── Data
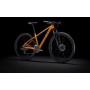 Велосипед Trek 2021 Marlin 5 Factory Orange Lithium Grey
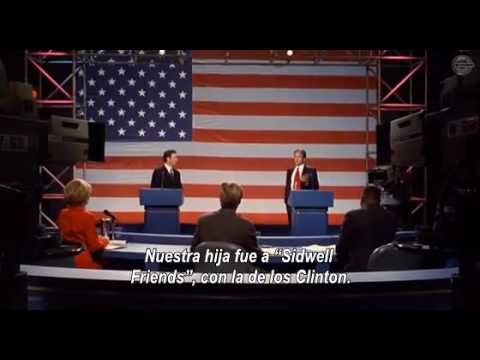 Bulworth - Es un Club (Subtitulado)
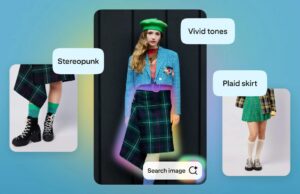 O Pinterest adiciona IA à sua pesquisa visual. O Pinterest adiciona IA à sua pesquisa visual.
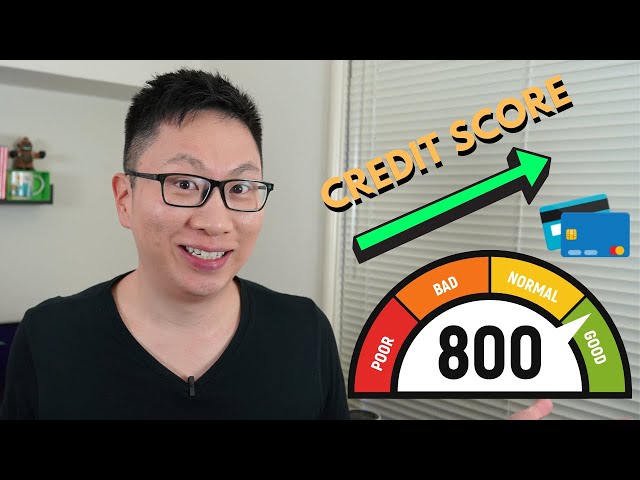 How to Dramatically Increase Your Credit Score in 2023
────
▶ _About this exercise_: Omit the pictures, then print the rest of the listing above exactly.

▶ _Exercise answer_:
 Велосипед Trek 2021 Marlin 5 Factory Orange Lithium Grey
 Bulworth - Es un Club (Subtitulado)
 O Pinterest adiciona IA à sua pesquisa visual. O Pinterest adiciona IA à sua pesquisa visual.
 How to Dramatically Increase Your Credit Score in 2023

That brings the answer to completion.